Alabama’s back-to-school sales tax holiday began at 12:01 a.m. today, the third Friday in July, and ends at midnight on Sunday, July 17. This is one of the state’s two sales tax holidays, with the other being for severe weather preparedness.
The back-to-school sales tax holiday was enacted in 2006 so that no state sales or use tax is due on covered items that are defined in the law and in the Back to School Sales Tax Holiday Rule.
In addition to there not being any state sales taxes on exempt items, a county or municipality, by resolution or ordinance adopted at least 30 days prior to the third full weekend of July, may provide for the exemption of covered items from county or municipal sales or use taxes, as well.
However, not all counties or municipalities choose to participate in the sales tax weekend. Therefore, consumers might want to check first before doing their back-to-school shopping.
In Coosa County, the Town of Rockford is the only locale not participating in this weekend’s sales tax holiday.
Coosa County notified the Alabama Department of Revenue in April that it would be participating, meaning that shoppers can avoid county sales taxes, as well as state sales tax, on exempt items this weekend.
Additionally, Goodwater and Kellyton have previously voted and passed ordinances notifying the Department of Revenue, or ALDOR, that they would participate each year until voted otherwise. Goodwater notified ALDOR of that resolution being adopted in 2017, and Kellyton adopted a resolution and notified ALDOR last year.
ALDOR did not have information from the Town of Rockford, meaning that it did not adopt a resolution or notify ALDOR that it would be participating this year.
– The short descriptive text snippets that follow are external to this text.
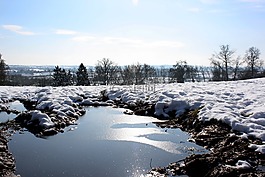 雪,冬天,景觀
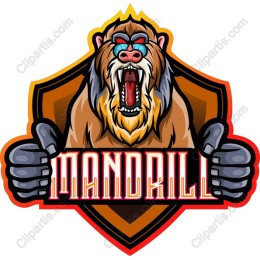 Mandrill - Dynamic Clipart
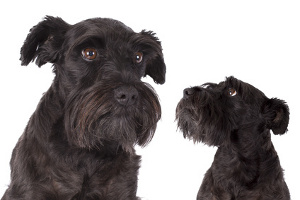 Adult Schnauzer and puppy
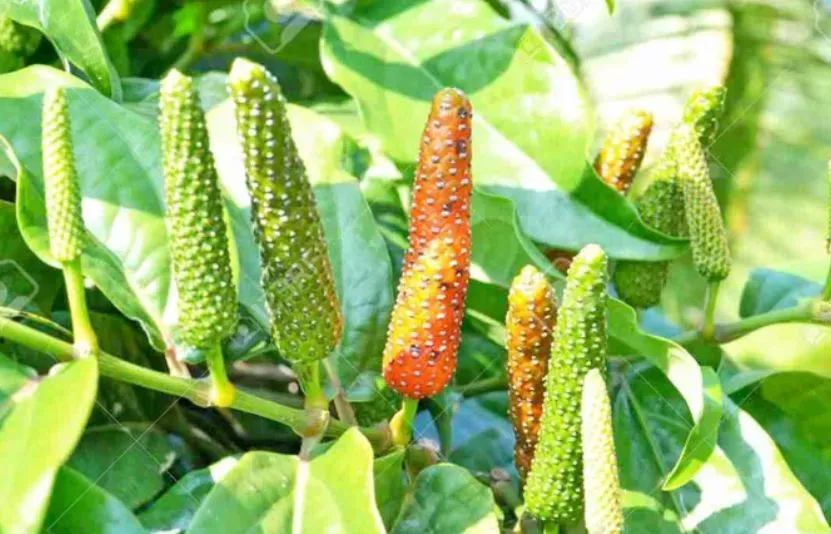 Giá tiêu ngày 10/02 tăng nhẹ, thị trường thăm dò trong bối cảnh nguồn cung hạn chế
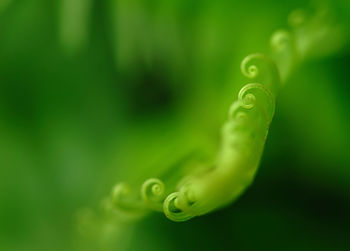 Close-up of water drop on leaf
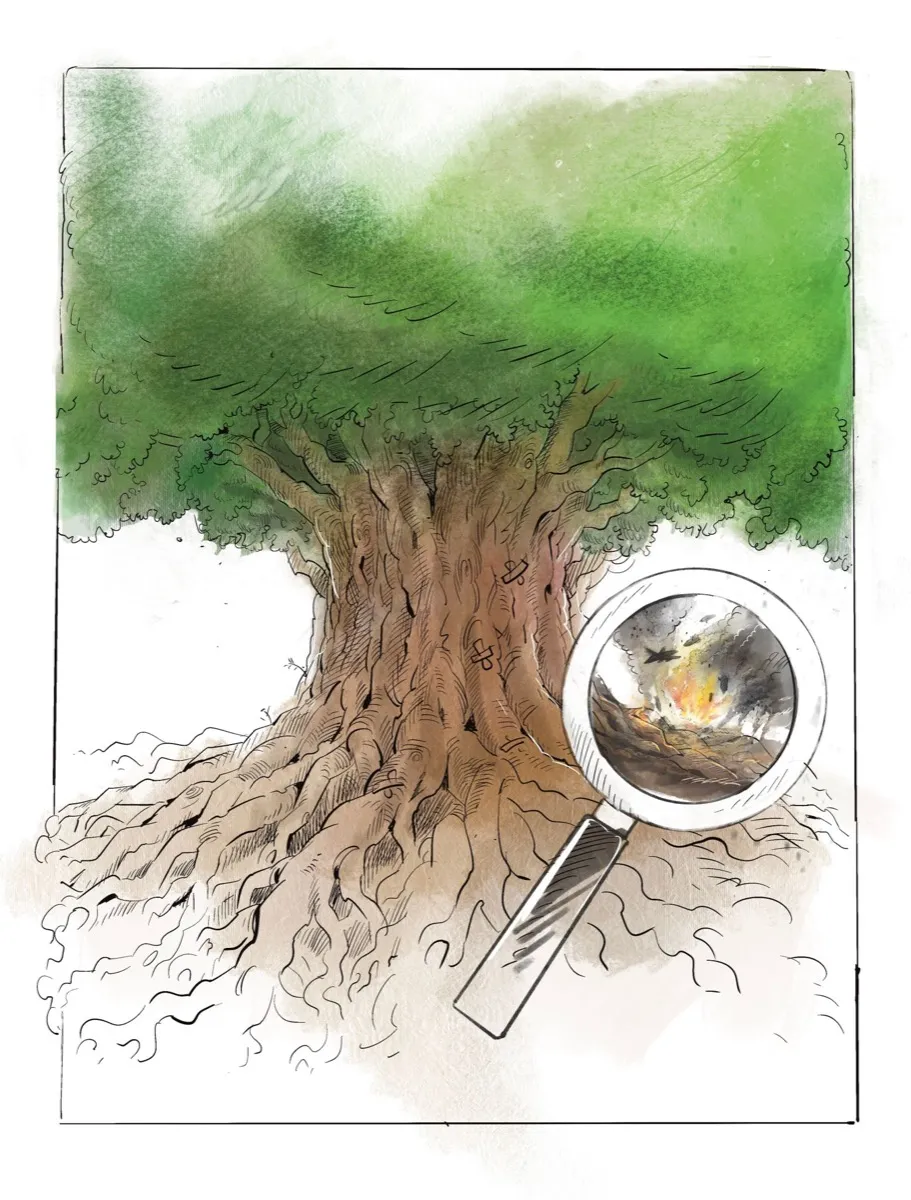 Illustration — grand arbre, loupe révélant une destruction cachée, Sana Hosseinpour
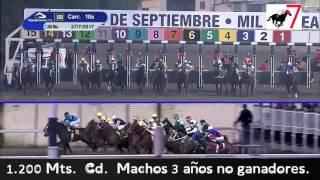 "Huff".  Jinete: Manuel Martínez.1.200 Mts. Cd. Machos 3 años no ganadores.27-07-17.Hipódromo Chile.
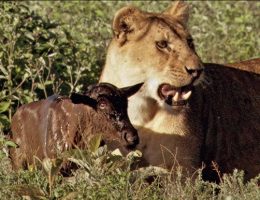 Baby Wildebeest Treats Lioness Like Mom.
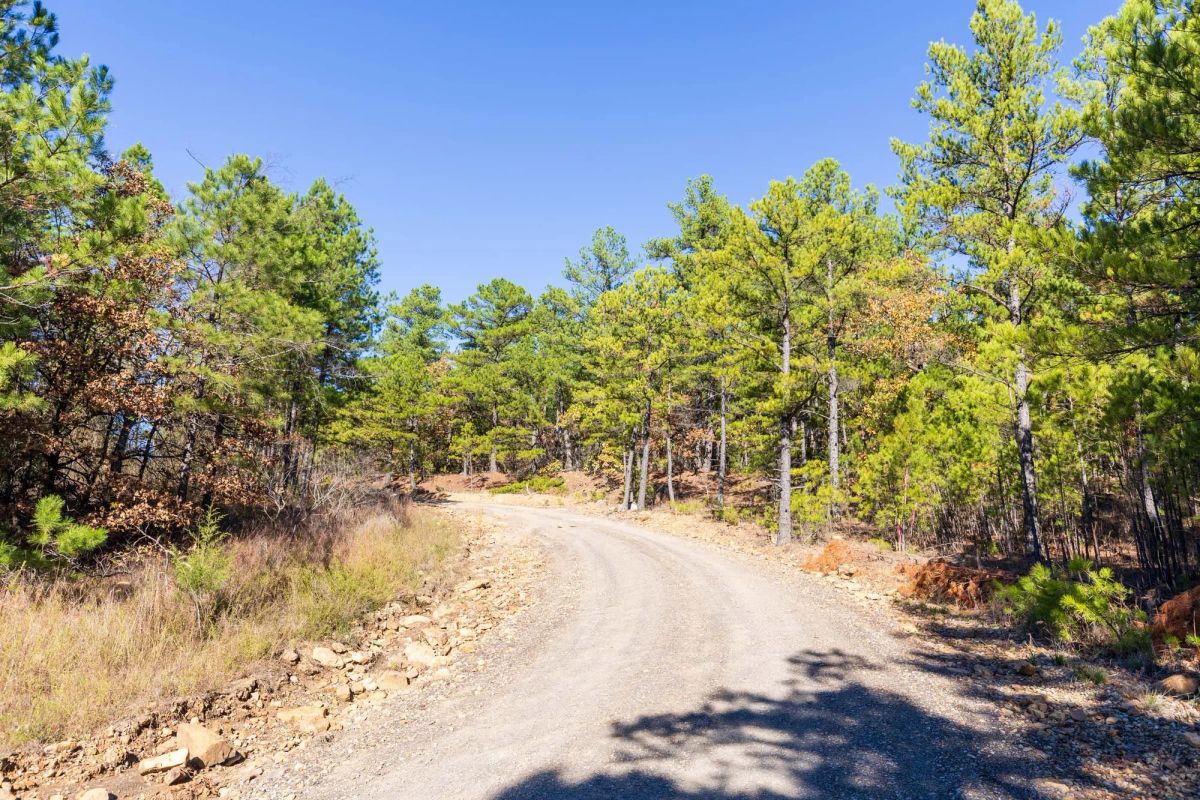 Decorative background for Stone Bridge Reserve Tract 7 image 16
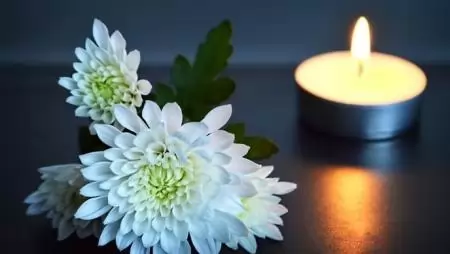 Tőgyi Sándor intézetigazgató (1948-2019) emlékezete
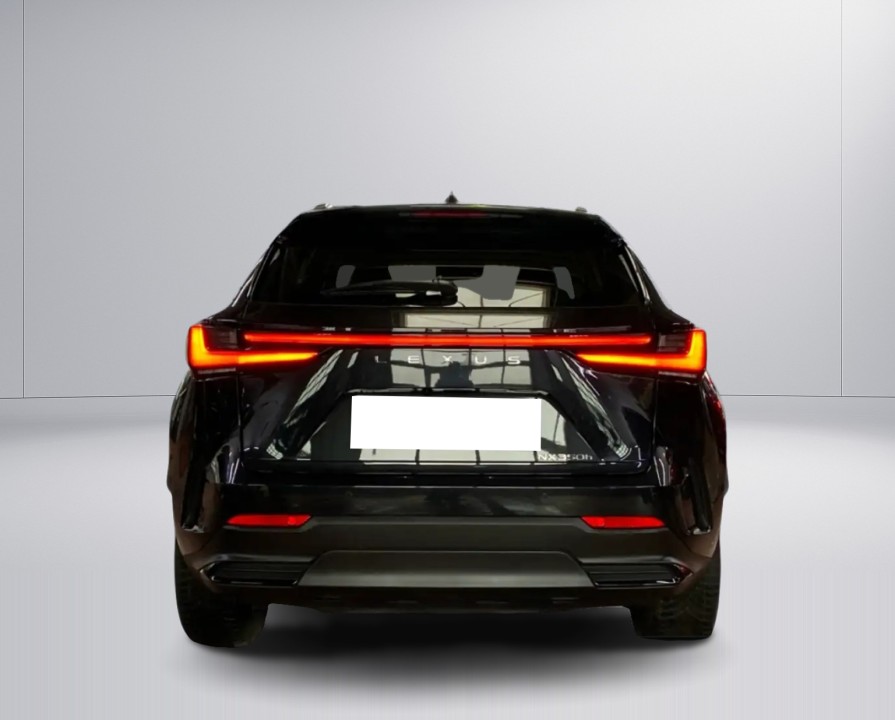 Lexus Seria NX 350h Executive (3)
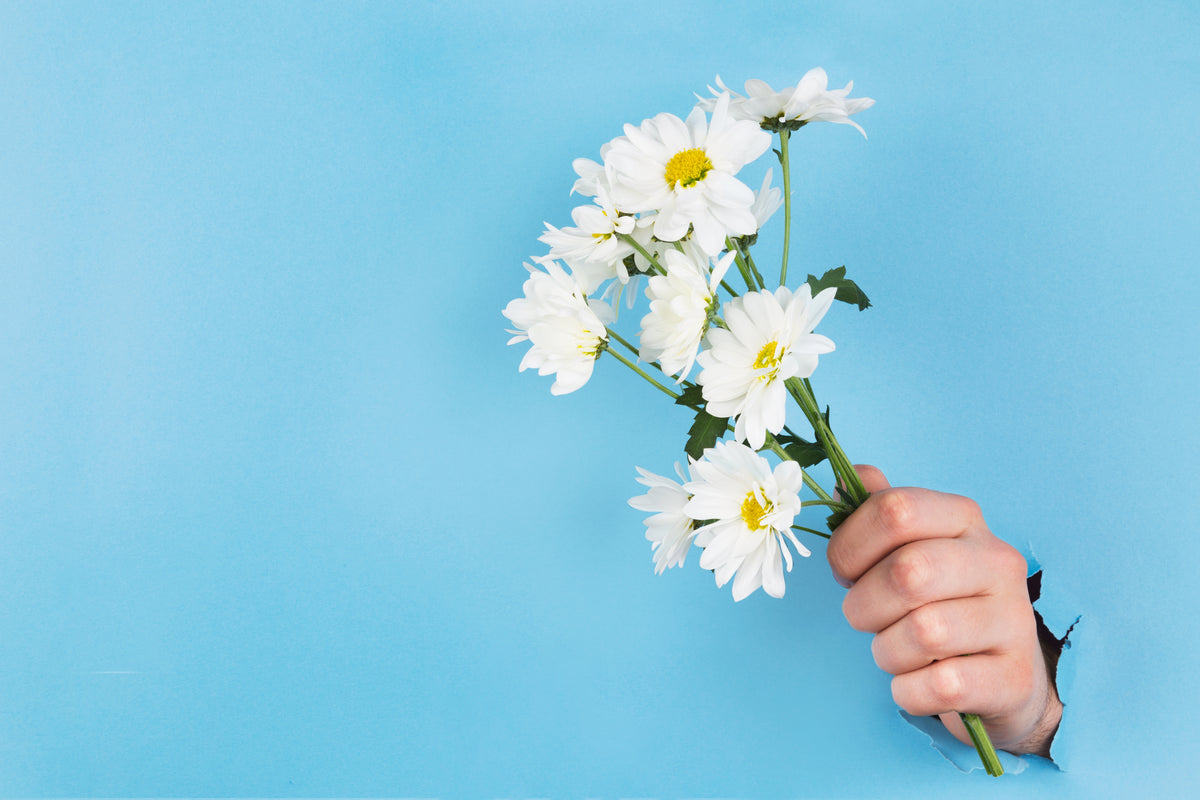 hand holds daisies through paper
For those outside of Coosa County or shopping outside of the county, a full alphabetical list of localities that are participating in this weekend’s sales tax holiday can be found at www.revenue.alabama.gov/sales-use/alabama-back-to-school-sales-tax-holiday-participating-localities.
Those who are shopping this weekend will see state and other sales taxes waived on school-related supplies, computers, clothing, and more.
Examples of exempt items include clothing priced at $100 or less per article of clothing; school supplies valued at $50 or less per item; books that cost $30 or less per book; and tablets, laptops, computers, computer software, computer storage media, and printers with a selling price of $750 or less.
The Alabama Retail Association notes that with an almost 9% national inflation rate, this weekend’s sales tax holiday gives parents in Alabama an opportunity to take advantage of the savings.
This is the state’s seventeenth annual back-to-school sales tax holiday and marks the sixth time that the annual tax holiday will take place during the third weekend in July. Alabama is one of 18 states with a back-to-school sales tax holiday.
The amount of tax saved statewide on qualified items is 4%. However, with many counties and municipalities also participating, shoppers can save up to 10% in those localities.
The sales tax holiday provides shoppers a way to save money and support their local economies at the same time, especially local businesses that sell the exempt items exclusively, such as shoe, children’s apparel, school supply, book, and computer stores.
“The sales tax holiday offers parents a way to save on back-to-school needs,” said Alabama Retail Association President Rick Brown. “Saving money for consumers while stimulating sales for stores is what this weekend is all about.”
The Alabama Retail Association also notes that while this sales tax holiday targets back-to-school shoppers, any consumer can benefit from the savings offered this weekend. A wide range of items are exempt during the sales tax holiday, so the association states that there is a reason for everyone to shop.
Some of the widely needed items that anyone can save while shopping for include diapers, printer ink, printer paper, art supplies, thumb or flash drives, and more.
For a full list of exempt items, see www.revenue.alabama.gov/wp-content/uploads/2022/07/2022-Back-to-School-Sales-Tax-Holiday-Fact-Sheet.pdf.
The Alabama Retail Association further encourages shoppers to buy from local retailers as much as possible.
“Shopping with businesses that have a physical presence in your local area keeps businesses open and your neighbors employed,” said Brown.